+++ SOURCE MATERIAL +++

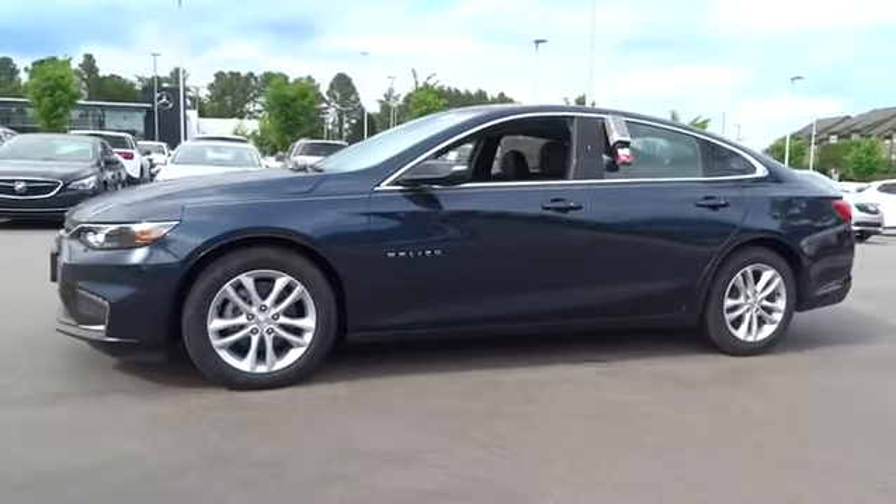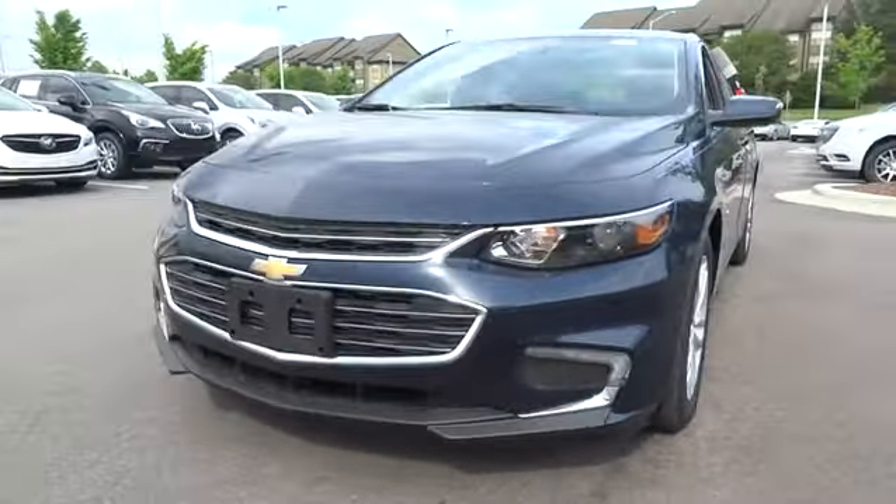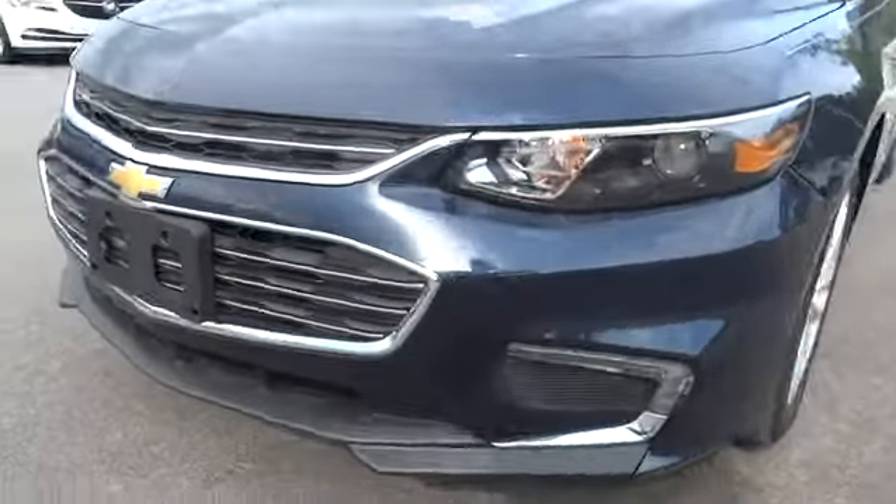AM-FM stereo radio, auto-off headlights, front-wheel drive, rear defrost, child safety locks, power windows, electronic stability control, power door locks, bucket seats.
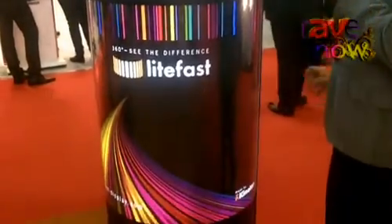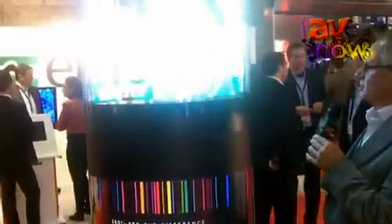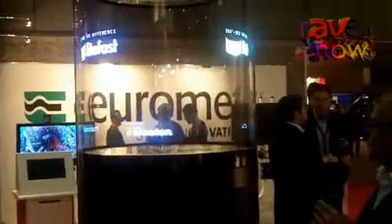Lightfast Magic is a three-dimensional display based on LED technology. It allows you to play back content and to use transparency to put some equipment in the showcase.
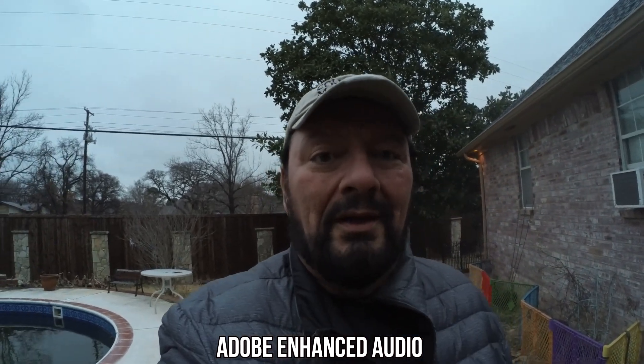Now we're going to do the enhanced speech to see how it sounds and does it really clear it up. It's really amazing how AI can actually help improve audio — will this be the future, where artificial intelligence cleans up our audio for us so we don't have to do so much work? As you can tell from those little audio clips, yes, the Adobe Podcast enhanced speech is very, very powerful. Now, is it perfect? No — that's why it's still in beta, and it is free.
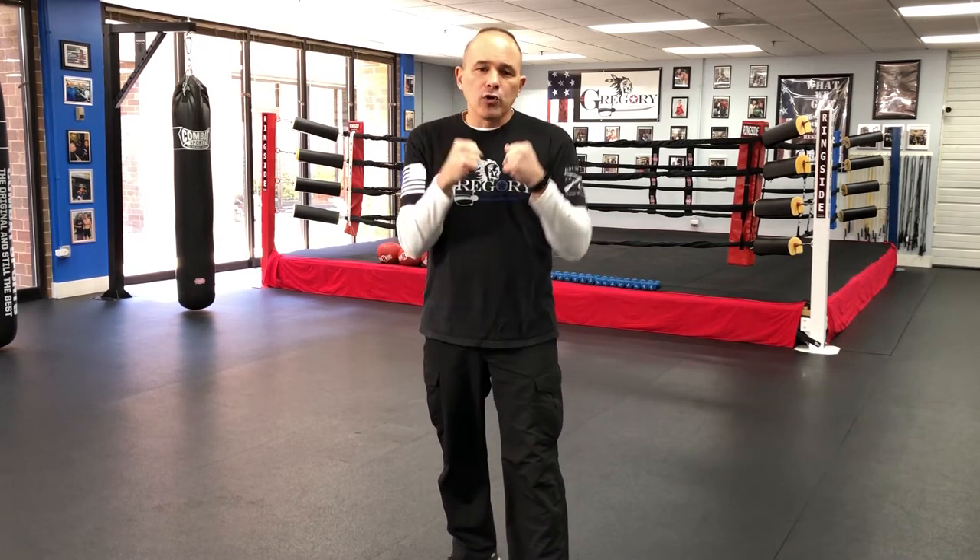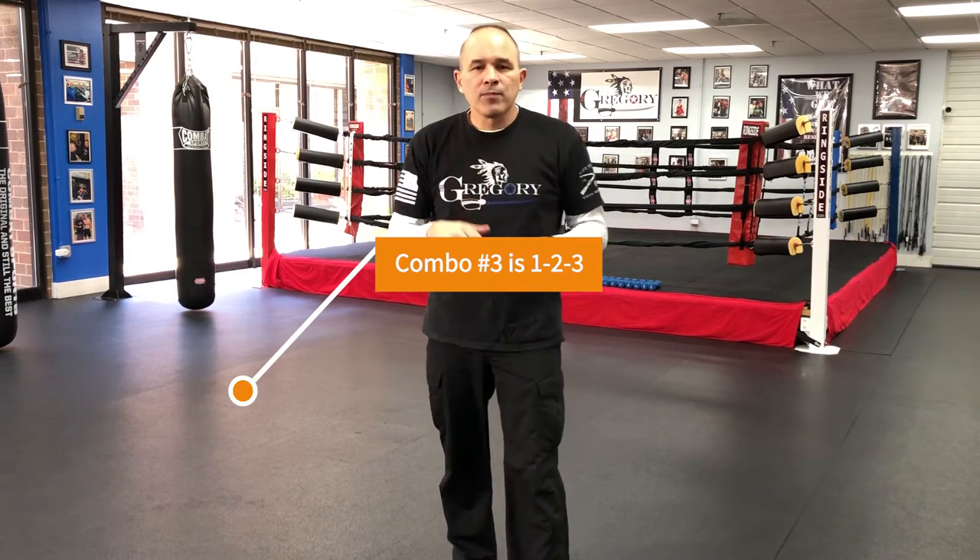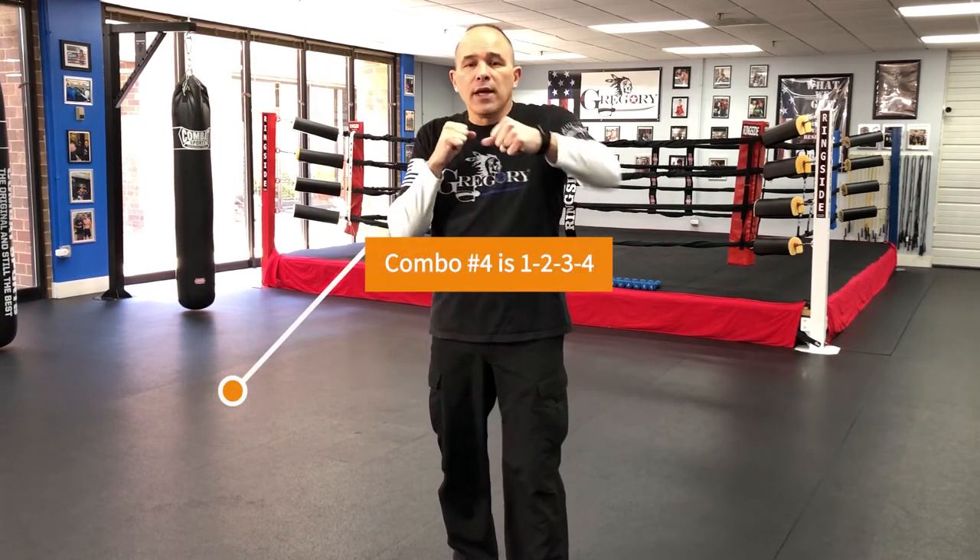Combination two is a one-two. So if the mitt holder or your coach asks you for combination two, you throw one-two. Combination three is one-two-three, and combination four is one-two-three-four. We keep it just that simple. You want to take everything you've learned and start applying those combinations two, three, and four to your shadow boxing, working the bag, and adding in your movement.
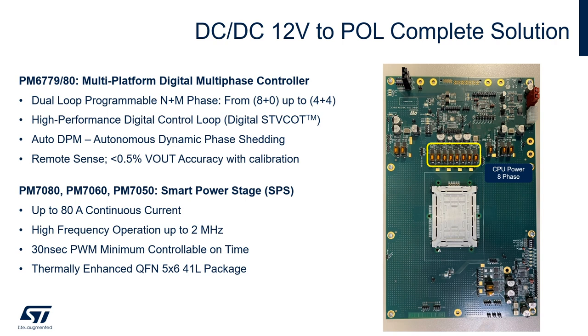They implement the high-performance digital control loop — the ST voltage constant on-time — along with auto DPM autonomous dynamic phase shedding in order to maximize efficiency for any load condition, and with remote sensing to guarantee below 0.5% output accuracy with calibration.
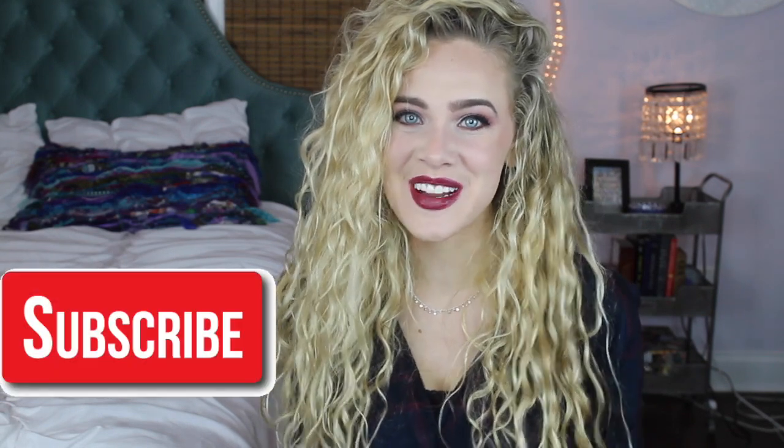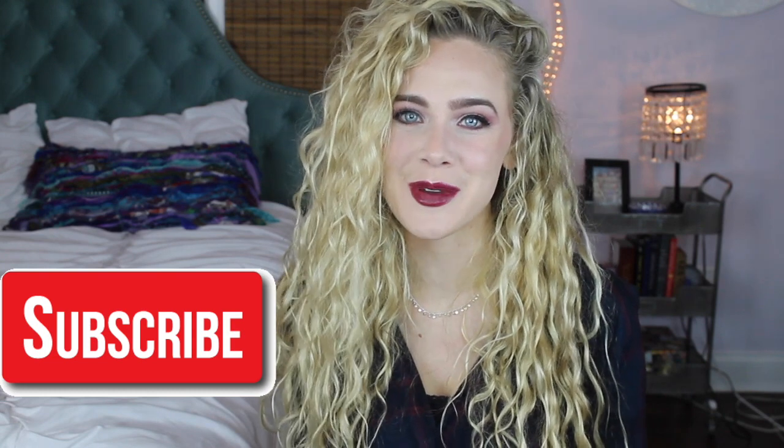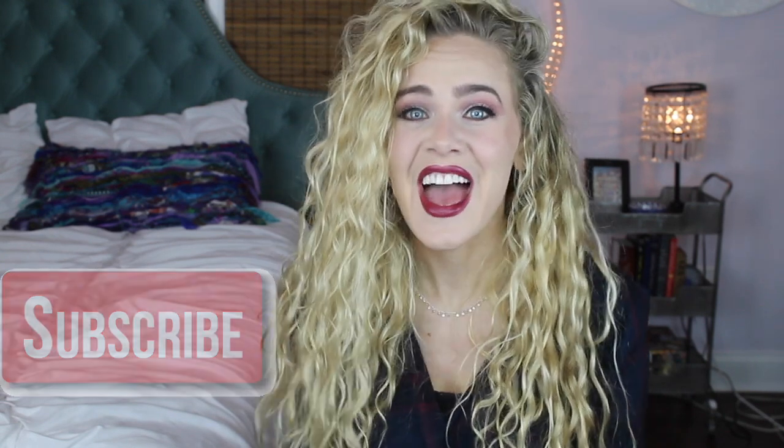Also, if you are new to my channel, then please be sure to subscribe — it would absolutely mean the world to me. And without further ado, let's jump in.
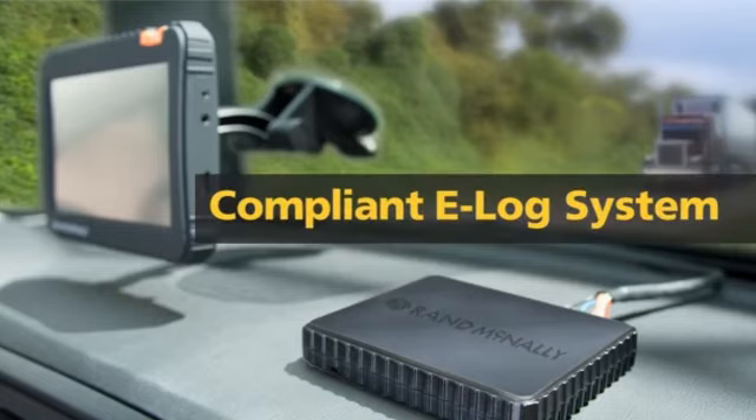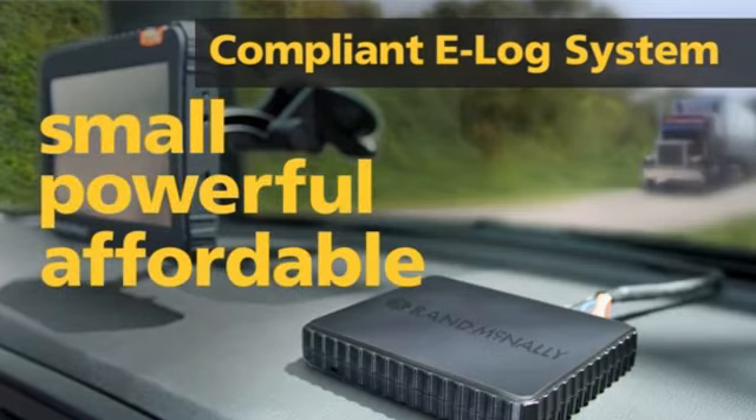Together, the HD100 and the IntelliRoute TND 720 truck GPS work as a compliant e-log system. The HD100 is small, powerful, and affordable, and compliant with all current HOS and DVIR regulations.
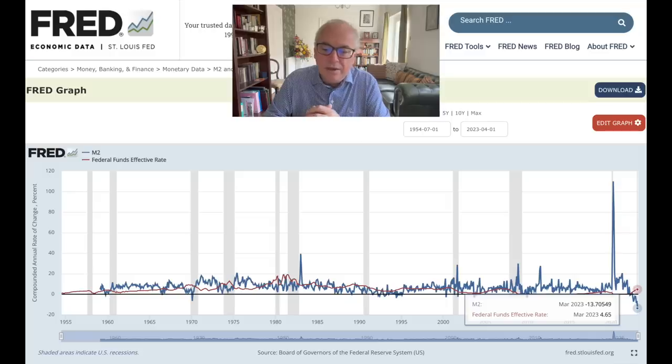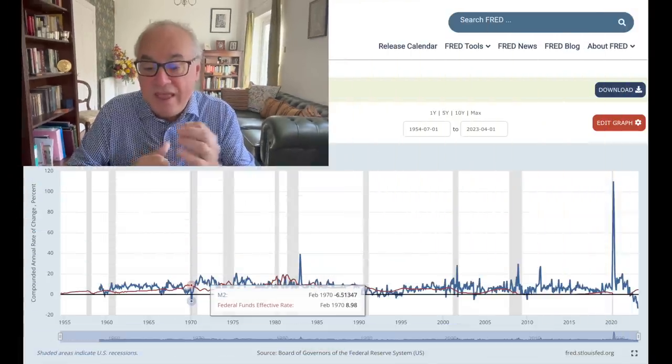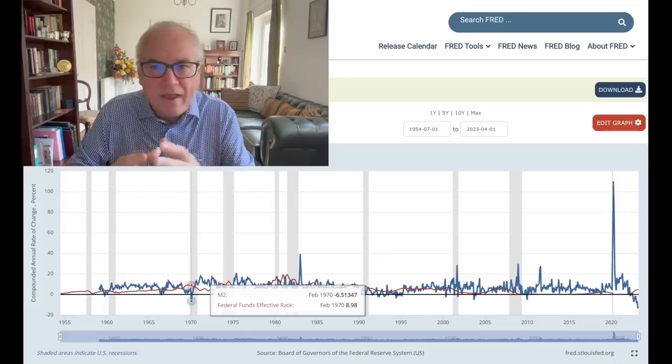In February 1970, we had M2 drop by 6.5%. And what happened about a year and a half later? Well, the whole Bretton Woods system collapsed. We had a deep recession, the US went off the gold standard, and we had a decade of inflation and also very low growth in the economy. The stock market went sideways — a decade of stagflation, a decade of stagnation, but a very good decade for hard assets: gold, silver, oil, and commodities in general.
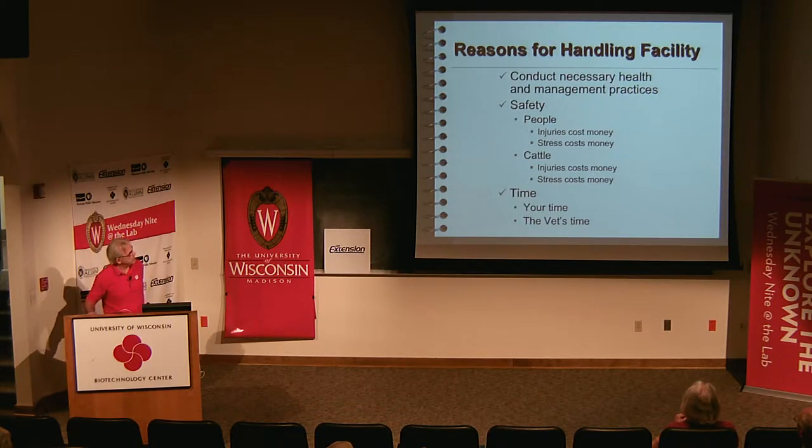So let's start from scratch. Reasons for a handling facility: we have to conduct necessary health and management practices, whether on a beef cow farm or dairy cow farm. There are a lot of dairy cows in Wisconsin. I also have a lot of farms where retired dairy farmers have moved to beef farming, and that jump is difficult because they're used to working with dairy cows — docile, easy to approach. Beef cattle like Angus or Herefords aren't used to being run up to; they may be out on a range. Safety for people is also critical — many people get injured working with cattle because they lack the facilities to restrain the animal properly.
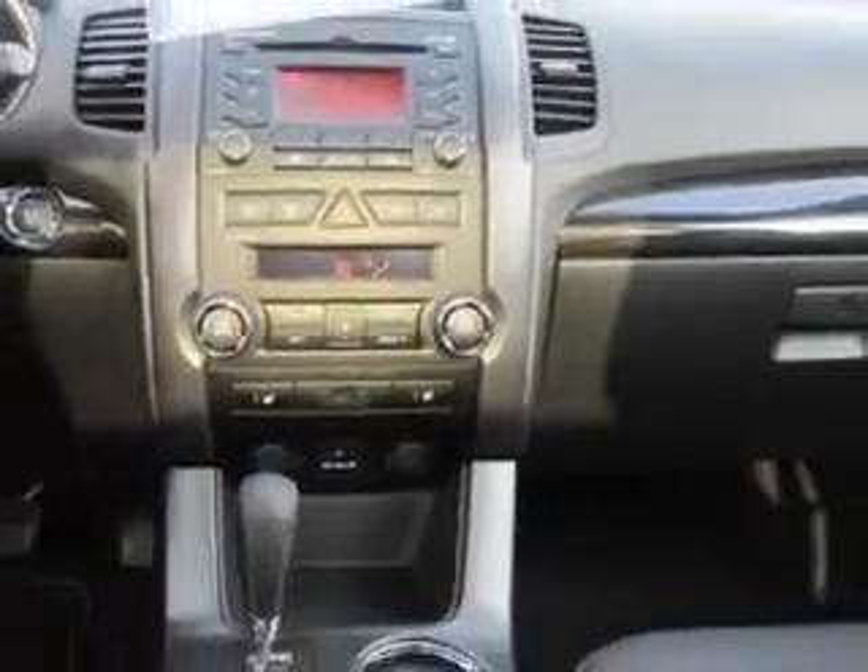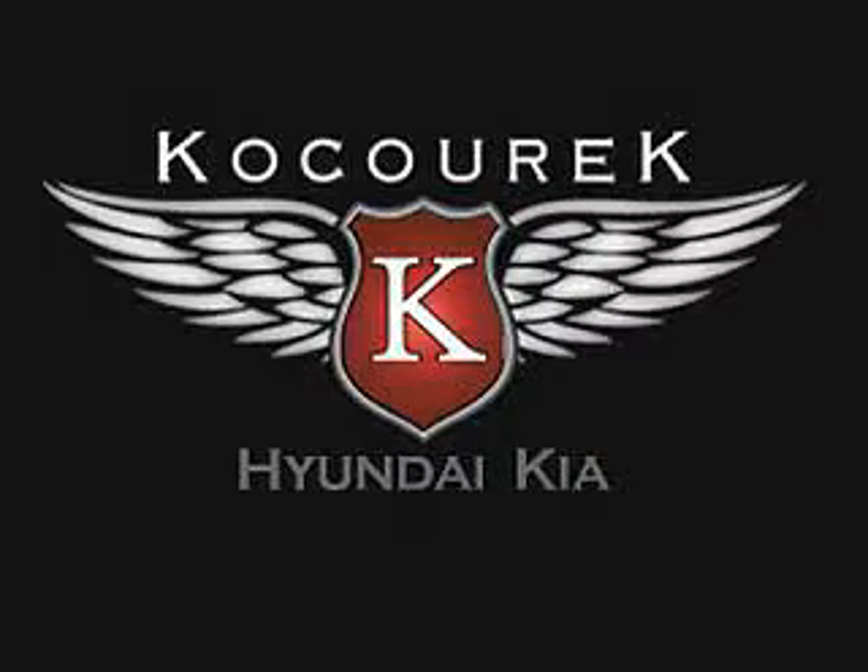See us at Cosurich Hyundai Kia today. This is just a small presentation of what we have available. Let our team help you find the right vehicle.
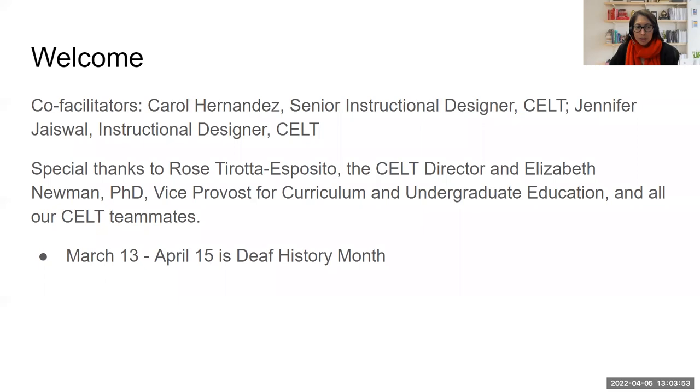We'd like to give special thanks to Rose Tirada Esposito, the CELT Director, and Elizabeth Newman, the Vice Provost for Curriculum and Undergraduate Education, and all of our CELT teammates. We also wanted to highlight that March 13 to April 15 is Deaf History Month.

+++

WHAT YOU WILL DO: With the pictures left out, write out exactly the lines above from the one containing "Also, if you" through the one containing "In February 1970, we".

EXERCISE RESULT:
Also, if you are new to my channel, then please be sure to subscribe — it would absolutely mean the world to me. And without further ado, let's jump in.
Together, the HD100 and the IntelliRoute TND 720 truck GPS work as a compliant e-log system. The HD100 is small, powerful, and affordable, and compliant with all current HOS and DVIR regulations.
In February 1970, we had M2 drop by 6.5%. And what happened about a year and a half later? Well, the whole Bretton Woods system collapsed. We had a deep recession, the US went off the gold standard, and we had a decade of inflation and also very low growth in the economy. The stock market went sideways — a decade of stagflation, a decade of stagnation, but a very good decade for hard assets: gold, silver, oil, and commodities in general.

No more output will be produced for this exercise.